Planning Barkers’ 50th anniversary celebrations was, admits Jamie, a good chance to look through the archives to see where the company has been, and to track its progress. Especially in design terms.

“It’s interesting to see how often we do dip into the archives to refine our designs. For example, everyone knows Barkers baggy trackies, which were iconic in the 90s. We still do them but now the fit is much slimmer and they’re made from 100% organic cotton.”

Ditto Ray Barker’s iconic paisley shirts which once sprouted wide collars. That has now been distilled into a more tailored, fitted shirt.

Ask Jamie where he sees the market heading and he’ll point to a global shift towards smarter dressing, including at weddings.

“After the pandemic, people globally have been embracing going out and dressing up.
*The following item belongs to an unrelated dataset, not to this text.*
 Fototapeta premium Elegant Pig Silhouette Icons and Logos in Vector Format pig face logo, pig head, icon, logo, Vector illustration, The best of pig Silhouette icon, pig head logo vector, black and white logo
And enjoying dressing up, even if that’s just a blazer with jeans.”

It could be why Barkers is struggling to keep up with demand for its classic black, charcoal and navy suits.

When it comes to weddings, Jamie says the company’s made-to-measure suiting service, which is available at Barkers’ Ponsonby and High Street stores in Auckland, as well as at Wellington’s Lambton Quay store, is an increasingly popular choice for grooms.

“It’s a chance to talk to staff about your style and what you’re after, so that you can look great and feel comfortable on the day, but also have a bespoke investment piece that will last you a long time.”

Jamie says grooms are increasingly inspired by what they see in magazines such as Together Journal, and will seek out ways to incorporate popular looks into their own wedding days.

“Everyone is different in terms of wanting an off-the-rack suit or a made-to-measure. But whatever grooms choose, Barkers is committed to providing quality, sustainably and ethically made garments that continue the legacy started by Ray Barker in 1972.”